The measures are aimed at bringing Northern Ireland into line with England and Wales but could put the Justice Minister at loggerheads, once again, with the legal profession.
The proposals have been put to the Stormont scrutiny committee for justice ahead of a public consultation and are expected to be rolled out by the end of the year.
Last year the legal aid bill was over £100 million - £51 million of which was for civil cases such as divorce, child custody battles and judicial reviews - 43% higher than England and Wales.
In the decade between 2000 and 2010 the costs for publicly funded legal representation in civil courts has rocketed by 223% from £11.4 million to £36.9 million - at a time when inflation was 6.7%. It has also risen by 31% in the three years since the devolution of policing and justice powers.
The introduction of standard fees is expected to deliver £14 million of annual savings including £2.5 million currently paid in fees to the 'taxing master' for his work in assessing cases and £500,000 as disbursement to reimburse legal professionals for the cost of preparing claims.
It is also hoped that standardisation will increase control and accountability mechanisms making it easier for the DoJ to forecast expenditure. Proposals is to restrict legal aid funding for representation could see further savings of £3.5 million a year.
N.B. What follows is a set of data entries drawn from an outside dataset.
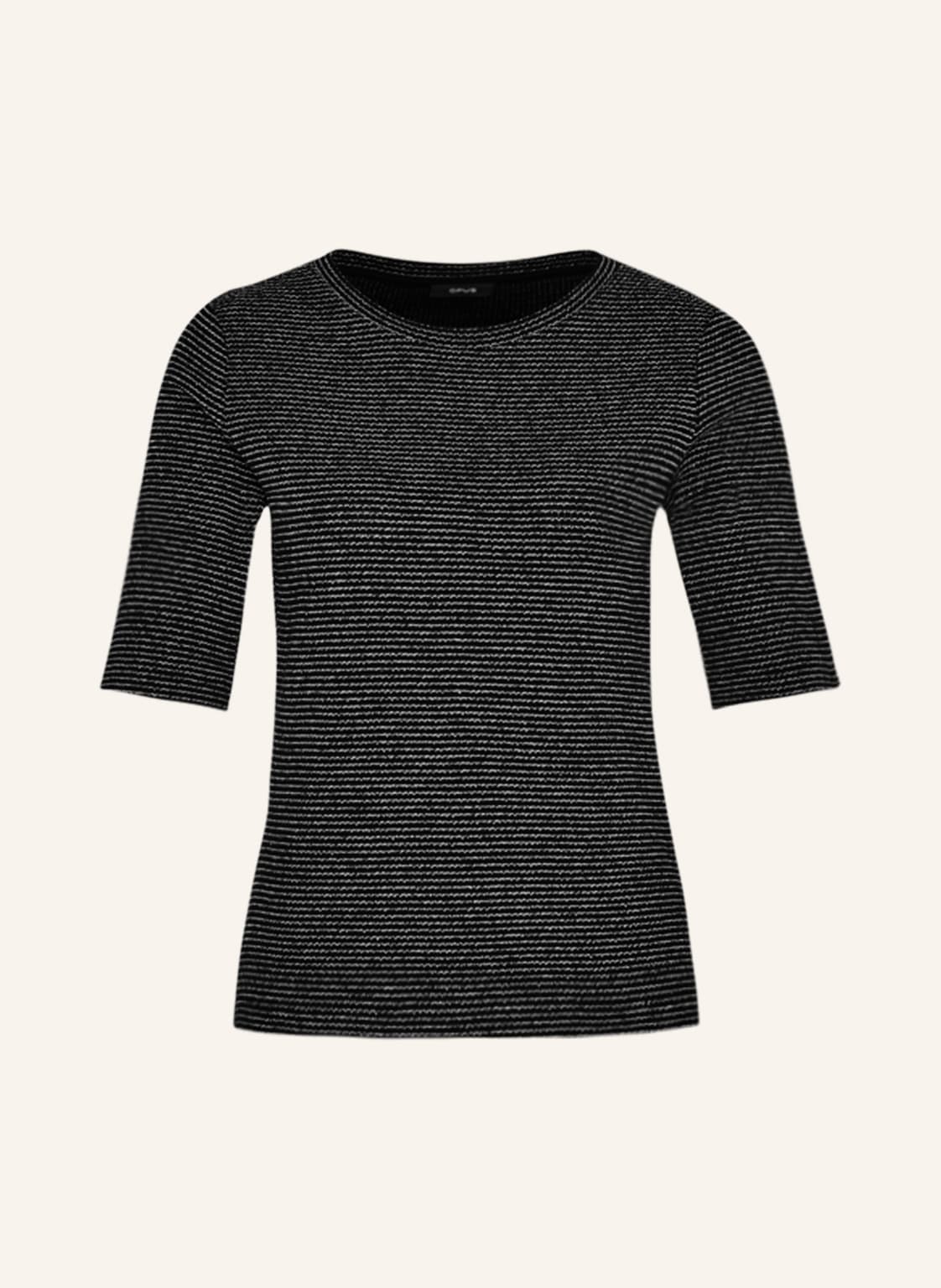 Image of Opus Strickshirt Singa schwarz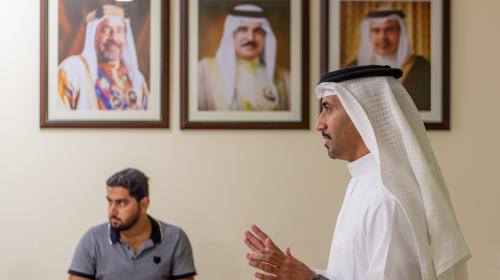 Ahmed Abdul Ghaffar reviews the details of Bahraini participation in the Asian Games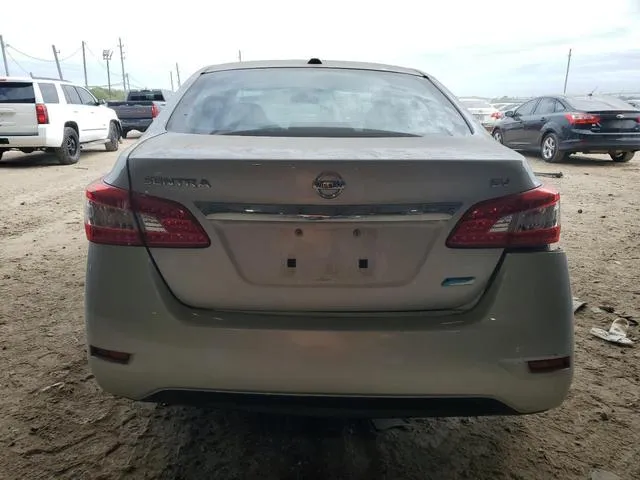 3N1AB7APXEY228798 2014 2014 Nissan Sentra- S 6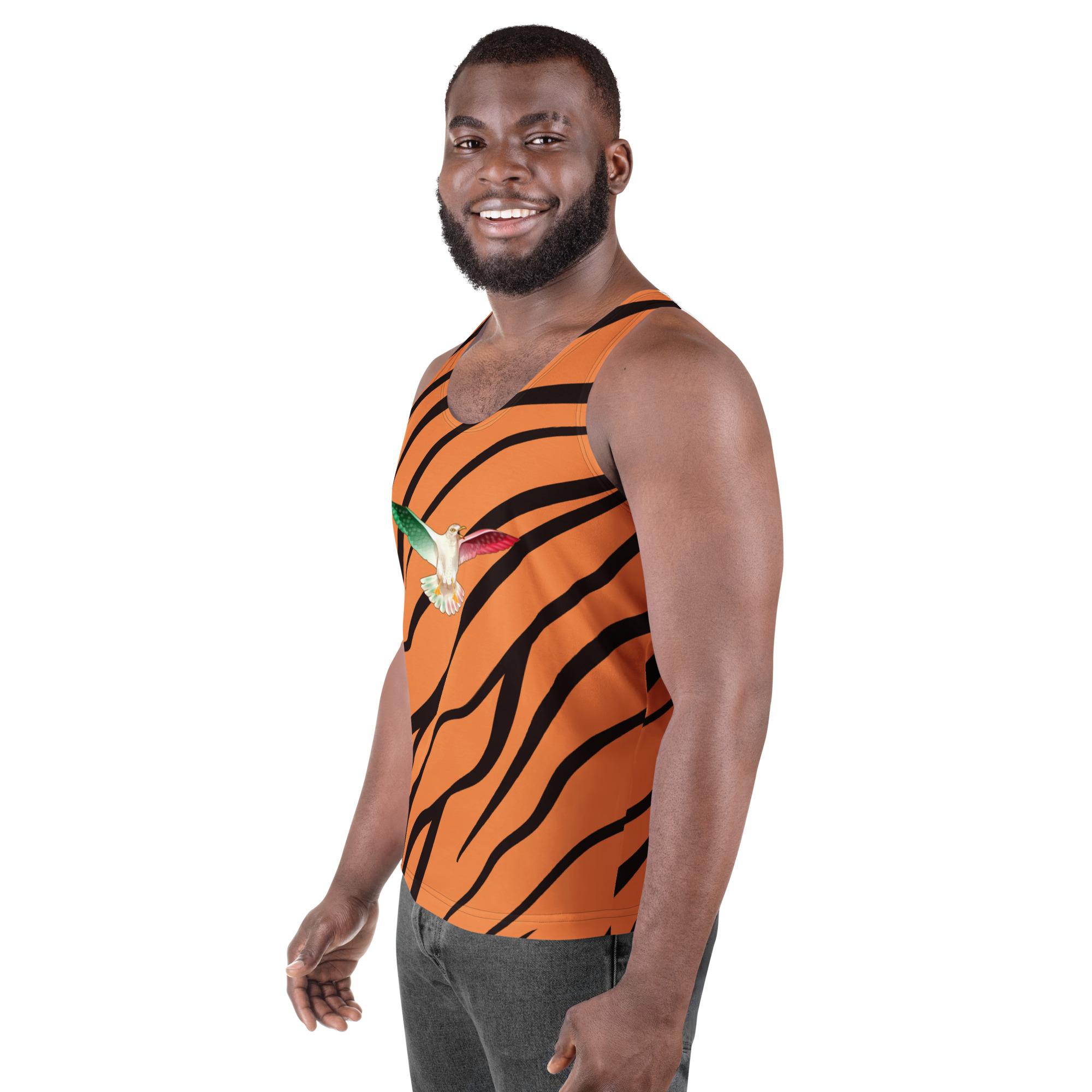Designed Tank Top - Image 2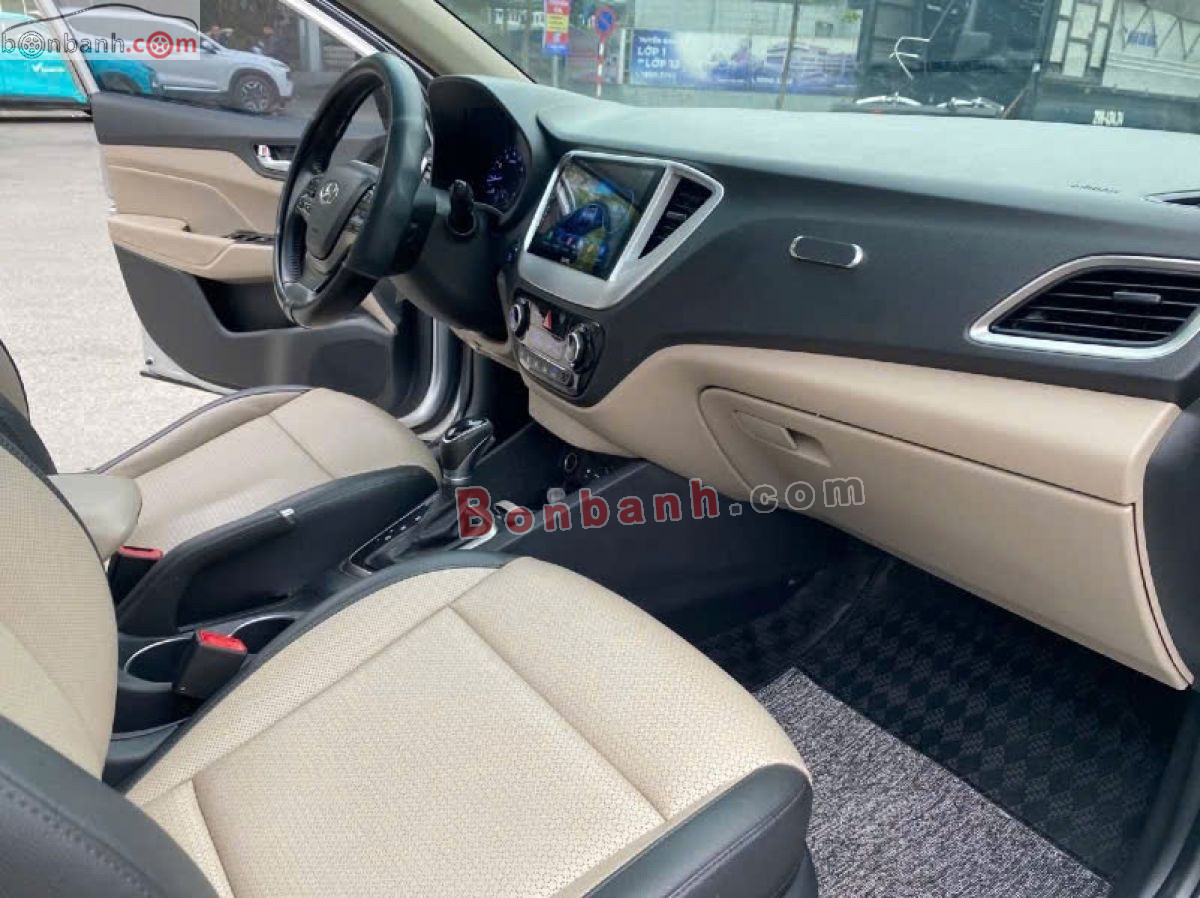 Bán ô tô Hyundai Accent 1.4 ATH - 2018 - xe cũ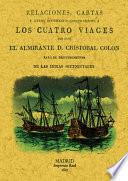 LOS CUATRO VIAJES DE COLON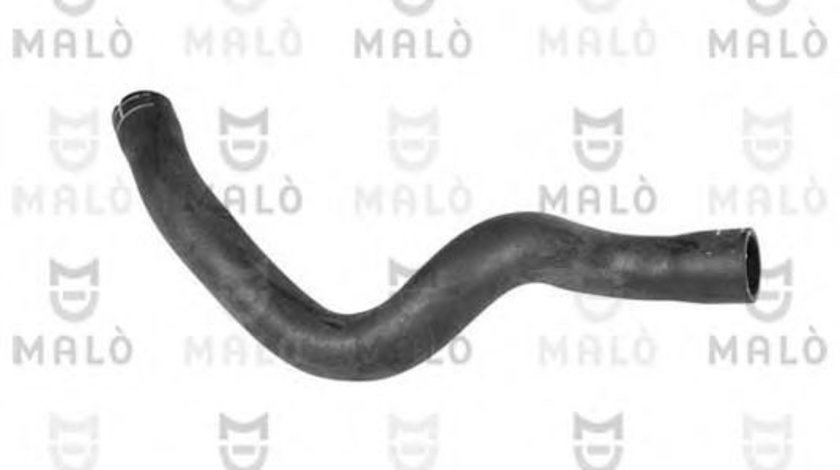 Furtun radiator OPEL MERIVA (2003 - 2010) MALO 282283A piesa NOUA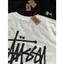 Áo Thun Stuxxy Basic Logo Premium Cotton 250GSM cá tính Phong cách Nam Nữ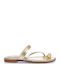 Women's Sandals Gold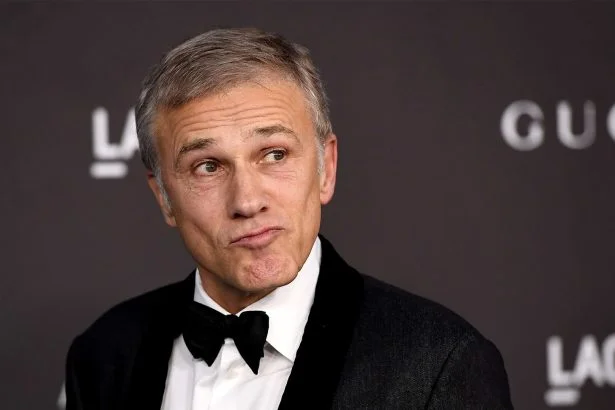 Christoph Waltz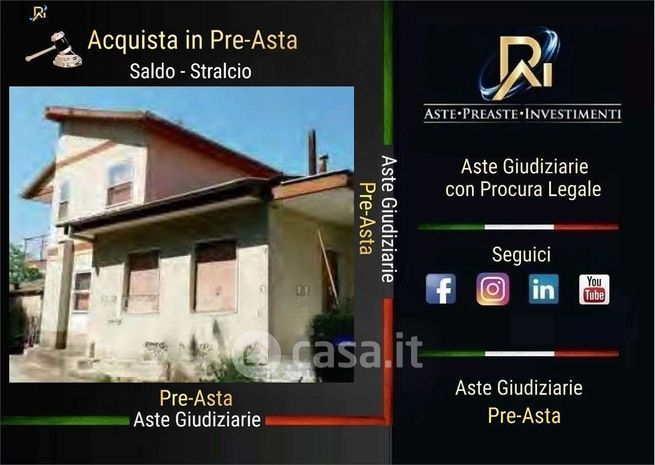 Casa indipendente in residenziale in Strada Statale 91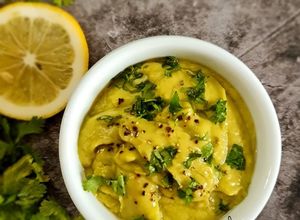 Foto resep Avocado Dressing Untuk Salad Dan Sandwich /Guacamole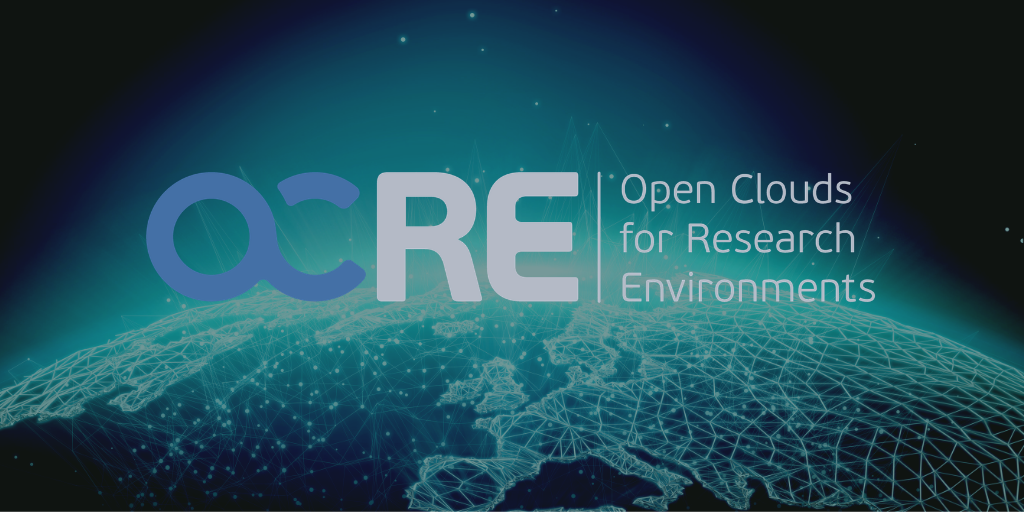 OCRE brings commercial cloud and earth observation players to the European Open Science Cloud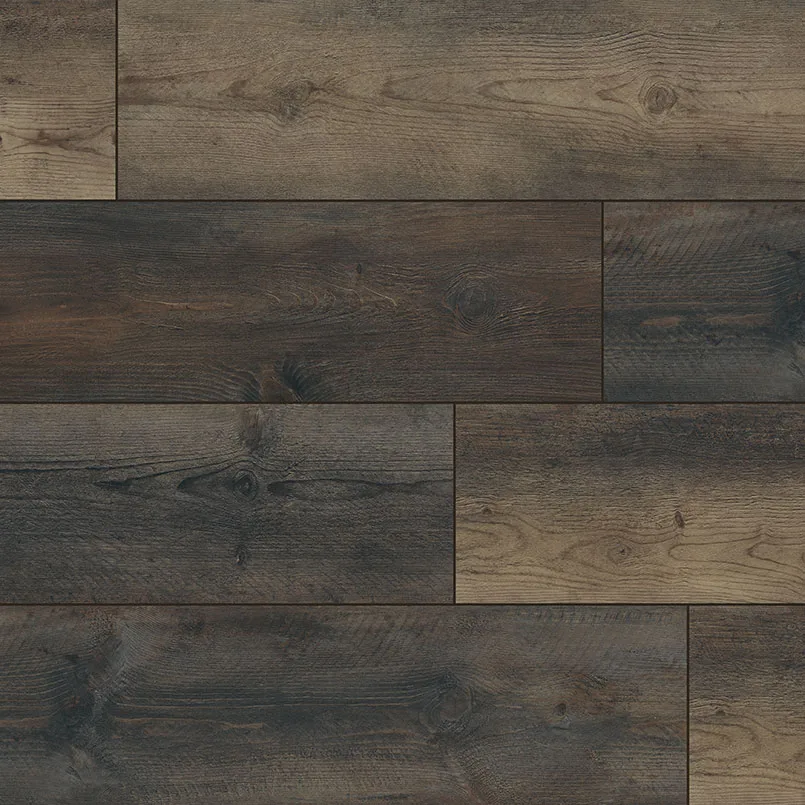 XL Cyrus Stable Luxury Vinyl Plank flooring in brown color, 9x60 size, low gloss finish, made from durable vinyl material.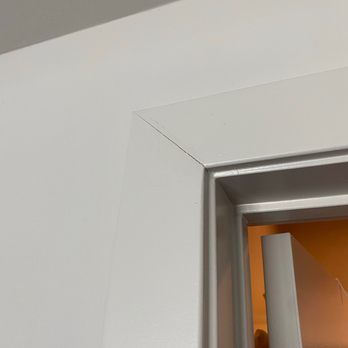 Metropolis Apartments - Cracks on every door jam - Apartments Near Me - Irvine, California Metropolis Apartments - Cracks on every door jam - Apartments Near Me - Irvine, California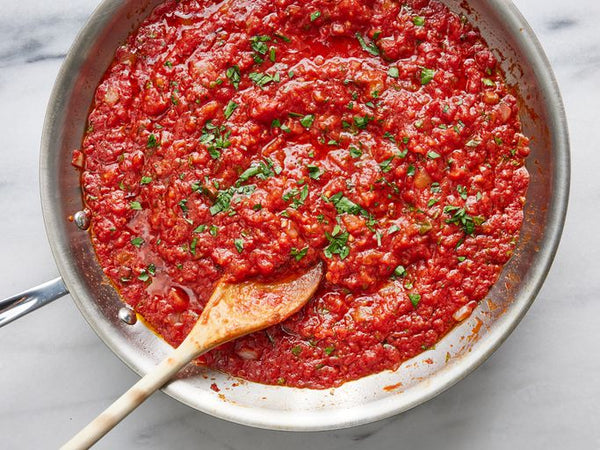 NEW Fresh Marinara Sauce (32 oz)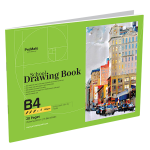 ProMate B4 Drawing Book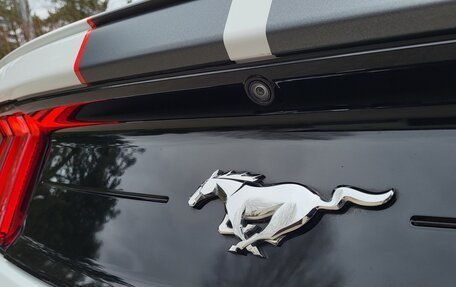Ford Mustang VI рестайлинг, 2020 год, 3 200 000 рублей, 11 фотография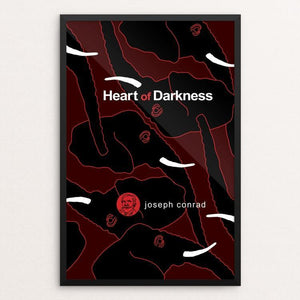 Heart of Darkness by Robert Wallman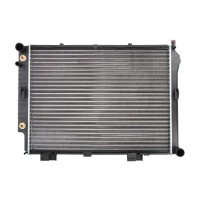 D7M059TT THERMOTEC Радіатор охолодження двигуна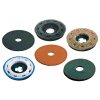 Extensive range of pads and brushes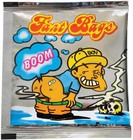 20 Fart Stink Bomb Bags   Nasty Prank Joke Gag Party Pop Noise Bang Gift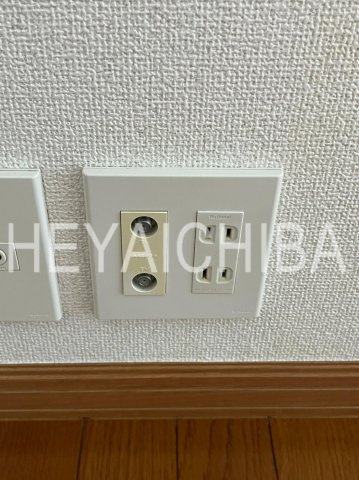 BeLフラッツの設備|コンセント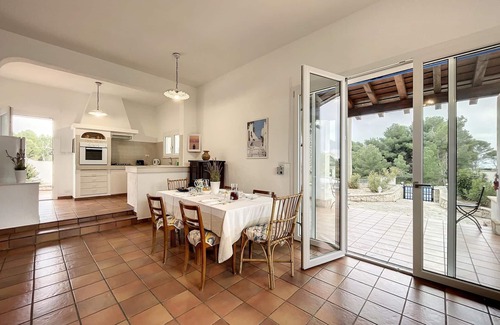 Marina di Pescoluse Casa | Sal003 in Pescoluse With 2 Bedrooms and 2 Bathrooms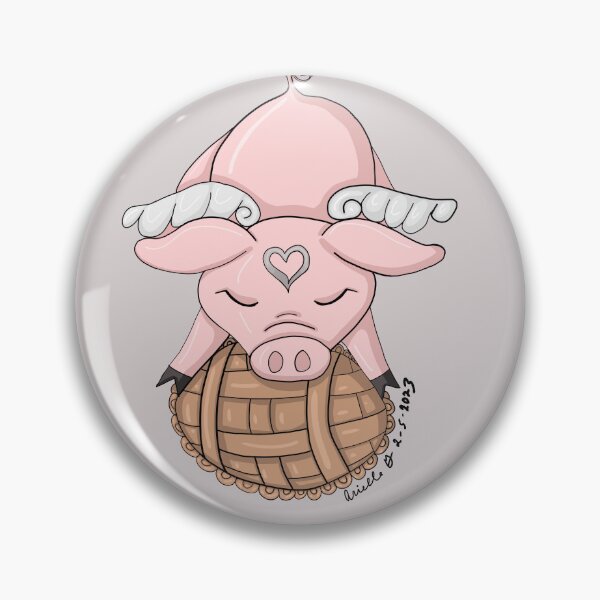 Item preview, Piggy Pie designed and sold by Gryphongrl.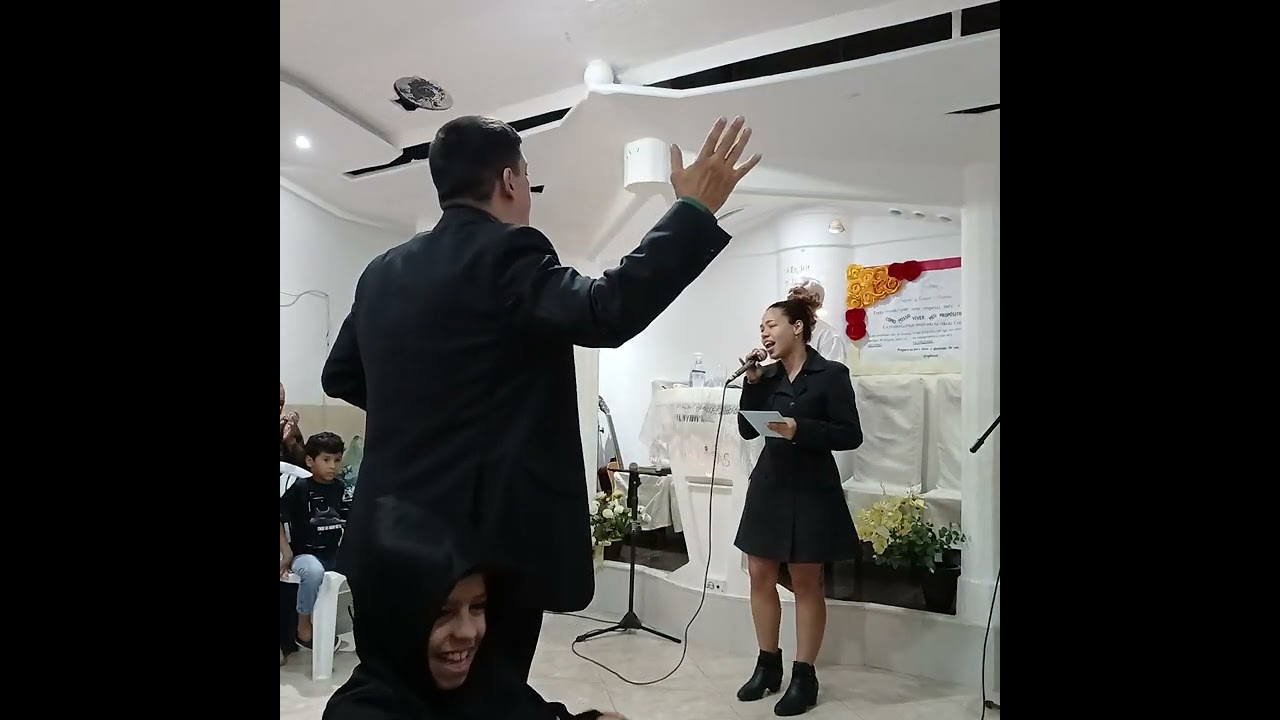 Culto De Louvor E Adoração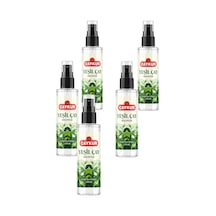 Yeşil Çay Sprey Kolonya 150 Ml. Beşli Paket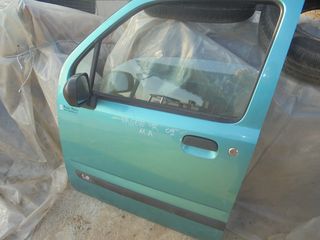 SUZUKI  WAGON-R  '99'-06'  - Πόρτες   μπροστα  αριστερα - Παράθυρα μπροστά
Stricter criteria will also be applied by the Legal Services Commission in determining whether or not to grant funding for representation.
Under the new arrangements, legal aid would be provided for a solicitor in the Magistrates' or Family Proceedings Courts.
For the majority of cases in the County Court and Family Care Centre, legal aid funding would be granted for one junior counsel with funding for senior counsel only granted in the most serious and complex High Court cases.
The number of barristers practising in Northern Ireland has increased dramatically in recent years to 705 compared with 596 in 2006.